* _About this exercise_:
Every entry must be given again exactly. Include no pictures.

* _Data records_:
++++++++
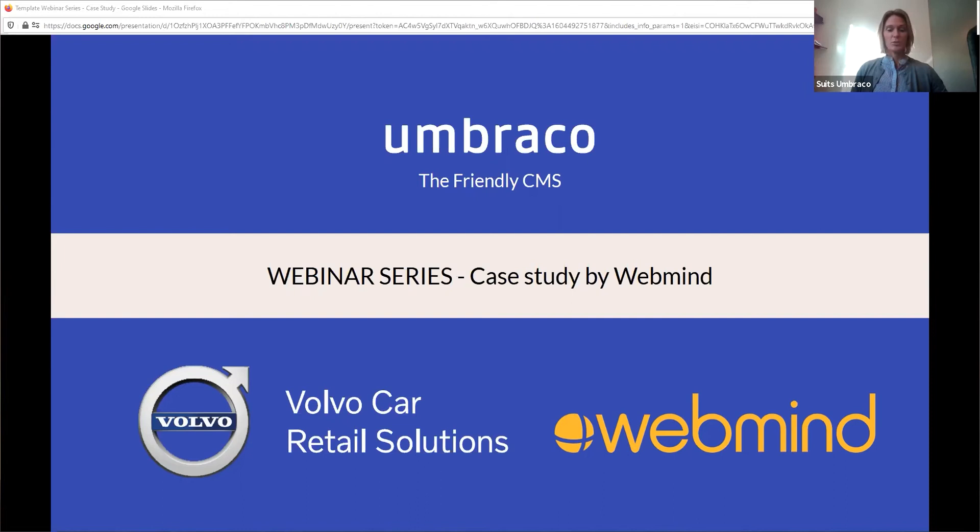Welcome to the third episode in our case study webinar series. In each webinar, we dive a bit more into one of the case studies published on umbraco.com. We do this because we want to inspire you with valuable knowledge and insights from real-world examples of great Umbraco projects. My name is Heli Kavlund, partner manager for our Scandinavian partners. With me today are Jens Josefsson from Swedish gold partner WebMind, and Olof Jonasson from Volvo Retail Solution. They'll share how they consolidated several websites into one solution that allows Olof and his team to handle all their work and communications through a unified platform.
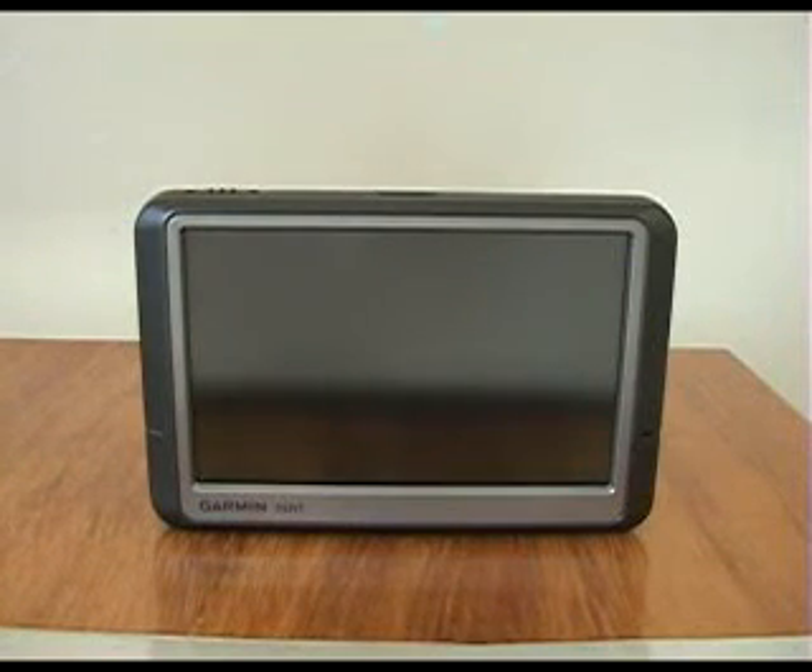Hi, and welcome to another Mora Systems MNAV Tech video. In this particular video, we're going to be looking at the basics of GPS navigation.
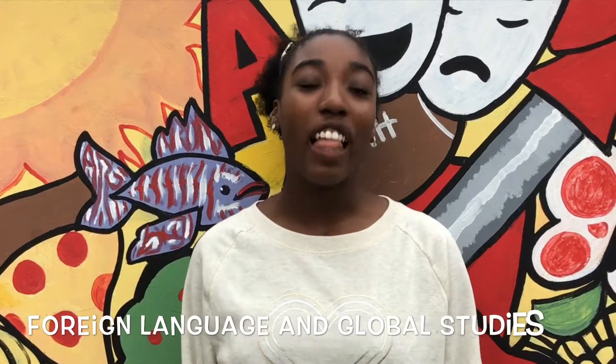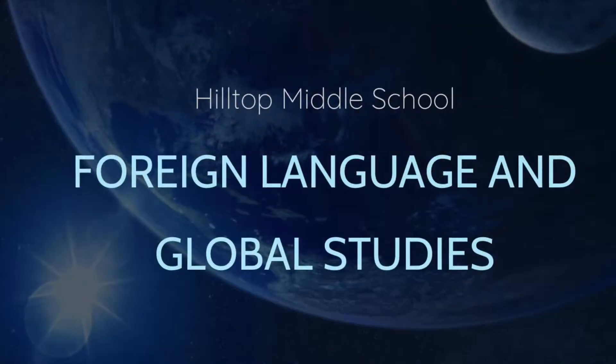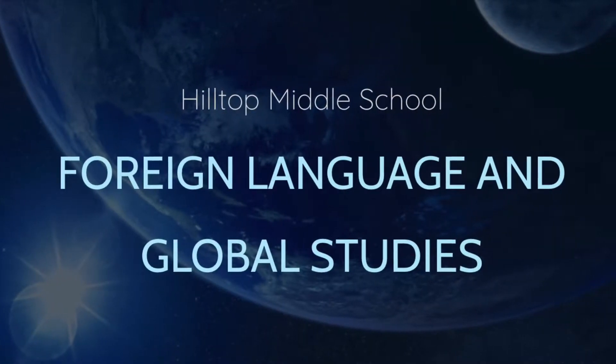Hey, have you ever heard of the FLAGS program? It stands for Foreign Language and Global Studies. Have you thought of joining the FLAGS program? Well, if you haven't, you should. Hi, my name is Caden and this is Vicente, and we're going to tell you about some of the opportunities and cool projects that you get to do if you join the FLAGS program.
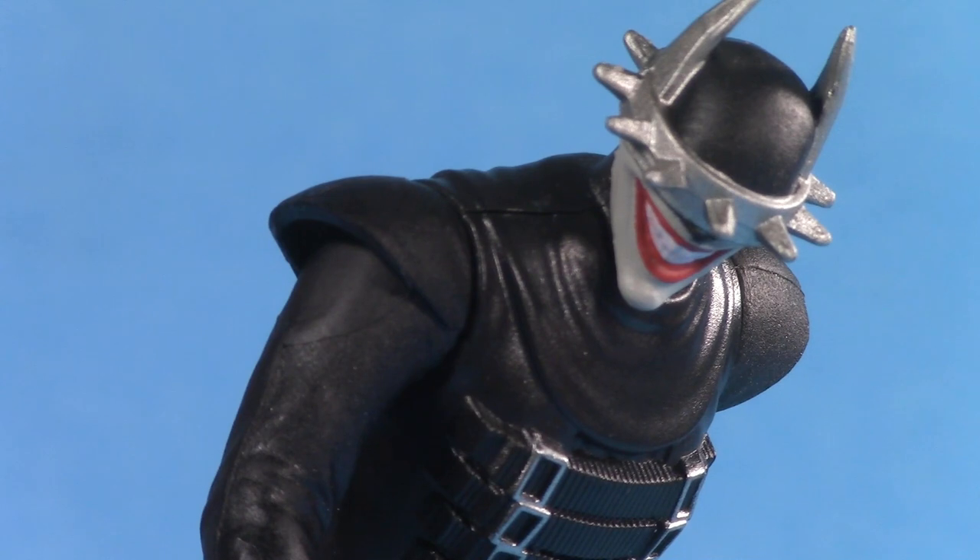For more Super Powers, click here. Or for more Batman Who Laughs, click here. What do you think of Batman Who Laughs, and do you think he belongs in this line? Sound off in the comments below. Thank you so much for watching — I'll be back again real soon, but until then, play nice and have fun.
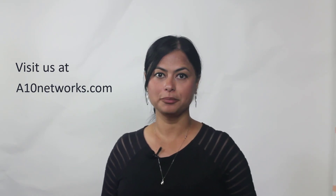I hope this was helpful. For more information about our bundles and pricing, please visit us at a10networks.com. Thank you.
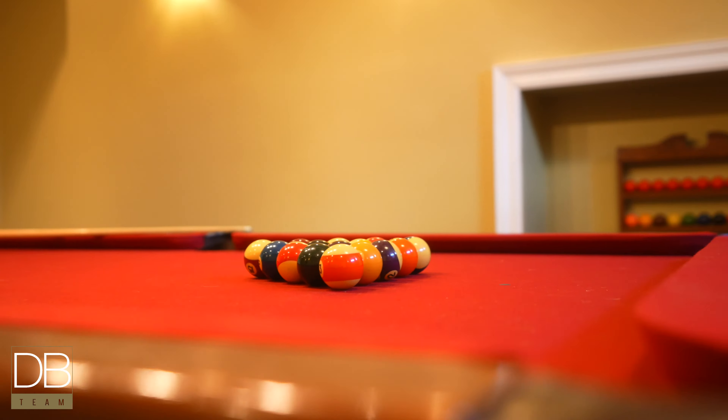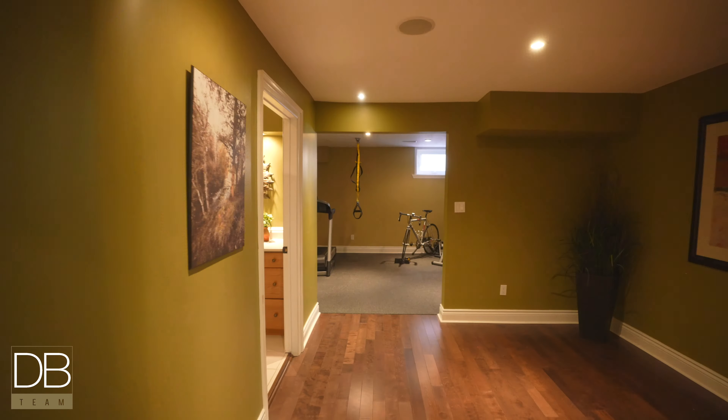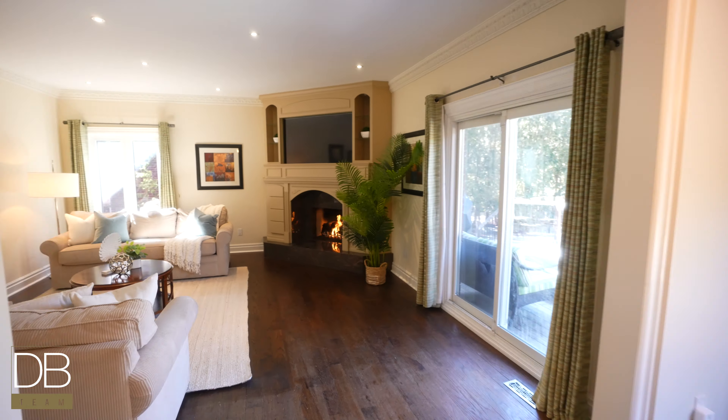The basement is fully finished with a billiards room, a living room, a gym, a rough-in for a bar, and tons of storage.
++++++++
* _Answer section_:
Welcome to the third episode in our case study webinar series. In each webinar, we dive a bit more into one of the case studies published on umbraco.com. We do this because we want to inspire you with valuable knowledge and insights from real-world examples of great Umbraco projects. My name is Heli Kavlund, partner manager for our Scandinavian partners. With me today are Jens Josefsson from Swedish gold partner WebMind, and Olof Jonasson from Volvo Retail Solution. They'll share how they consolidated several websites into one solution that allows Olof and his team to handle all their work and communications through a unified platform.
Hi, and welcome to another Mora Systems MNAV Tech video. In this particular video, we're going to be looking at the basics of GPS navigation.
Hey, have you ever heard of the FLAGS program? It stands for Foreign Language and Global Studies. Have you thought of joining the FLAGS program? Well, if you haven't, you should. Hi, my name is Caden and this is Vicente, and we're going to tell you about some of the opportunities and cool projects that you get to do if you join the FLAGS program.
For more Super Powers, click here. Or for more Batman Who Laughs, click here. What do you think of Batman Who Laughs, and do you think he belongs in this line? Sound off in the comments below. Thank you so much for watching — I'll be back again real soon, but until then, play nice and have fun.
I hope this was helpful. For more information about our bundles and pricing, please visit us at a10networks.com. Thank you.
The basement is fully finished with a billiards room, a living room, a gym, a rough-in for a bar, and tons of storage.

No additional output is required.